MAINE’S TOURISM FAILURE

Nearly 1,000 new houses and two resorts, as Plum Creek Timber Co. allows for in a rezoning request for more than 400,000 acres it owns, would naturally add money to the Moosehead Lake area economy. To get that economic benefit – and Maine has long grappled with ways to boost rural economies – the question is how best to get more people here while protecting the natural resources that enticed them in the first place. Maine, Vacationland and the nation’s second-home capital, doesn’t really know.

The most stunning finding in an economic analysis of the proposal by Professor Charles Colgan has nothing to do with Plum Creek. “Unfortunately, there are no measures in Maine of the number of visitors to the region currently, nor is there any current data on the spending patterns of hiking, fishing, hunting, hunting or snowmobiling visitors. In fact, the general field of recreational use and spending patters is very poorly understood in most of Maine,” he writes to explain why his estimates of tourist spending are highly speculative.

This is appalling since tourism is the state’s leading industry. Worse, the governor and other state leaders have convened summits and commissioned reports on ecotourism, but that state still has little idea of what this encompasses and what it might mean to the state.

The Plum Creek proposal forces this discussion onto the fast track, whether the state is ready or not. It also highlights the need for policy-makers to broaden their horizons.

In his study, Professor Colgan gathers data from Maine and other states on the spending patterns of hikers, snowmobilers, hunters, anglers and other recreationists. People who partake in these activities may visit some aspect of the development proposed by Plum Creek.

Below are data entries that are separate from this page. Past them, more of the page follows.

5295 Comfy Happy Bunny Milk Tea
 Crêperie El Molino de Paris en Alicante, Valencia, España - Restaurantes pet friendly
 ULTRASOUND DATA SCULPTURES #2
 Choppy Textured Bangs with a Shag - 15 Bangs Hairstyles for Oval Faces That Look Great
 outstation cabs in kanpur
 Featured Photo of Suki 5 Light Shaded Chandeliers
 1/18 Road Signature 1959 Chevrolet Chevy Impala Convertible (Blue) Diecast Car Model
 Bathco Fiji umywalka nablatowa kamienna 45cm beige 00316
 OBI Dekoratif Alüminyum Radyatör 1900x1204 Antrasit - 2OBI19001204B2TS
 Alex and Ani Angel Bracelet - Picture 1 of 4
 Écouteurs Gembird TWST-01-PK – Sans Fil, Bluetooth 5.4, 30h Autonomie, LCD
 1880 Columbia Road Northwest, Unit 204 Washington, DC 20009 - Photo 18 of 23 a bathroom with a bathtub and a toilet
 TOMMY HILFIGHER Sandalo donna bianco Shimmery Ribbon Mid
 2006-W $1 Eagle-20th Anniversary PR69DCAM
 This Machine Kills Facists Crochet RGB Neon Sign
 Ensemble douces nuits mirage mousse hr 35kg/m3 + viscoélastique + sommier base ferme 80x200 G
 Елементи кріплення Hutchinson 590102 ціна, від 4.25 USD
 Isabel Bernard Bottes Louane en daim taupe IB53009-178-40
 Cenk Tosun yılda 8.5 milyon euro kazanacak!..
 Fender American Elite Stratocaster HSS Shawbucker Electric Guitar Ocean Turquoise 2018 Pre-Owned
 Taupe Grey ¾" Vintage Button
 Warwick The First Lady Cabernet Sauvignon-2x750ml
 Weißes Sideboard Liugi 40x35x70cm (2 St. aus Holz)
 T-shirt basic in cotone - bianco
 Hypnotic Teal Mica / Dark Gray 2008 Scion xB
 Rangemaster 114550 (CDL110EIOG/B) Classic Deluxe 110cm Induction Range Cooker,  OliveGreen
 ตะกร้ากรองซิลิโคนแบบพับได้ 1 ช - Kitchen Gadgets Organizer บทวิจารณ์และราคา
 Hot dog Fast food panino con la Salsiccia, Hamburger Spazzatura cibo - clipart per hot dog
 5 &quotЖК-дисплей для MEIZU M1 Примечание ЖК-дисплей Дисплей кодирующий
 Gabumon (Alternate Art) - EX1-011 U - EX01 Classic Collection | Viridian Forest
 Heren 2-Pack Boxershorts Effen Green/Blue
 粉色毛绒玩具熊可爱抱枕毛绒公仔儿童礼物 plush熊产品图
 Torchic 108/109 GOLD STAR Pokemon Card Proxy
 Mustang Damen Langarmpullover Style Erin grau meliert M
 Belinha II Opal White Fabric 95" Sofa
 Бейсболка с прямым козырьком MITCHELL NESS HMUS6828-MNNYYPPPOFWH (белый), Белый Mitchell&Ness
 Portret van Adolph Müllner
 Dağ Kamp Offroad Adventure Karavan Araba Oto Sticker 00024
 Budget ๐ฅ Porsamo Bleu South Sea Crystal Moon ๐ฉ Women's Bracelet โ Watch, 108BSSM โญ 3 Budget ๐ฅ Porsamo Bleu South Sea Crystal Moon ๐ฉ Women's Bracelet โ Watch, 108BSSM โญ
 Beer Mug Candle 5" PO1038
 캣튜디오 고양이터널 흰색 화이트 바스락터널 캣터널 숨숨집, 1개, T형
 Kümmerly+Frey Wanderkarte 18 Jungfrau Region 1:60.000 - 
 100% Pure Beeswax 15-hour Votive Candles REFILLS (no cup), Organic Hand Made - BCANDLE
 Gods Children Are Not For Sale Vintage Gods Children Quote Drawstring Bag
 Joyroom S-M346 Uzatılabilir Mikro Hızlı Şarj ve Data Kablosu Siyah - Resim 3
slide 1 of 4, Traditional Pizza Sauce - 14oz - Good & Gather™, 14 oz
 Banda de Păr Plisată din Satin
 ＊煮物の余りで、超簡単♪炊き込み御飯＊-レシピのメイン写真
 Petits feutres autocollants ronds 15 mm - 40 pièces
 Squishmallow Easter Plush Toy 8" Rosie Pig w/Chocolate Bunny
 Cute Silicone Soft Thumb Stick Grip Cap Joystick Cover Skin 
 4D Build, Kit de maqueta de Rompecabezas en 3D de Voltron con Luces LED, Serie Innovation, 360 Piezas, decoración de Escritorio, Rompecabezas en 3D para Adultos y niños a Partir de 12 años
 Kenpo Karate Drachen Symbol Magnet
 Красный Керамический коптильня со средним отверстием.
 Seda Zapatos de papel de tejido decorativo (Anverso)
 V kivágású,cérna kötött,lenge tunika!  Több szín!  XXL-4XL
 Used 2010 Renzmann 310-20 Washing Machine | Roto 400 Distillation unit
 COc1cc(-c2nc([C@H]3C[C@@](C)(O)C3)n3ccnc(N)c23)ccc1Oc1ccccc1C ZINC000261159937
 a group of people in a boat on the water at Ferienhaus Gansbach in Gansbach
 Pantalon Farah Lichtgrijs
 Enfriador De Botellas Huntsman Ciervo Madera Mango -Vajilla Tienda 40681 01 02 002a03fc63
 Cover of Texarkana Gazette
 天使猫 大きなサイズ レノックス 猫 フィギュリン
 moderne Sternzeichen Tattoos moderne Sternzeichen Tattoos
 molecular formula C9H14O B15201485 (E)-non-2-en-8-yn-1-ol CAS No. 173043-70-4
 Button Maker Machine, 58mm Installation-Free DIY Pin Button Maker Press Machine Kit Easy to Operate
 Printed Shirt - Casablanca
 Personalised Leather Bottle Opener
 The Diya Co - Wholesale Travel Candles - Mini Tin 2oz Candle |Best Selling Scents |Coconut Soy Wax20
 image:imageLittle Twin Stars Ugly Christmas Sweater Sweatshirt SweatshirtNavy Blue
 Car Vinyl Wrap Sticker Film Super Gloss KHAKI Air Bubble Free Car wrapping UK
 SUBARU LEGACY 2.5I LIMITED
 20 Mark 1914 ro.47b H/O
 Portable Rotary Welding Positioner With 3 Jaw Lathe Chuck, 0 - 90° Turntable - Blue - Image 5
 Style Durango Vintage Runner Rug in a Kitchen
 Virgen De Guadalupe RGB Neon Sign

However, a different brand of visitor is likely to come to the proposed resorts and spend much more money than the tourists in Professor Colgan’s analysis. At a resort recently built on former Plum Creek land in Washington, overnight packages start at $185. At similar facilities, visitors spend extra money to go on guided fly-fishing trips, horseback rides or even hikes.

If locals and state officials want a lot more money spent in the Moosehead region, it needs these people.

The Plum Creek proposal, which includes 975 house lots scattered from Lily Bay to Long Pond, goes well beyond ecotourism. It also includes land for industrial development, hiking and snowmobile trails and conservation easements and working forest designation for more than 380,000 acres of Plum Creek land.

The larger issue is meshing Maine’s desire to encourage more people to spend more money in the region, whether they just visit or live there. To do this, local residents and state officials need to know where the region is now and where it wants to go. To clarify the situation, the state needs to quickly assess what resources are the most important in bringing visitors and new residents to the region. It must then decide how best to protect and capitalize on those resources.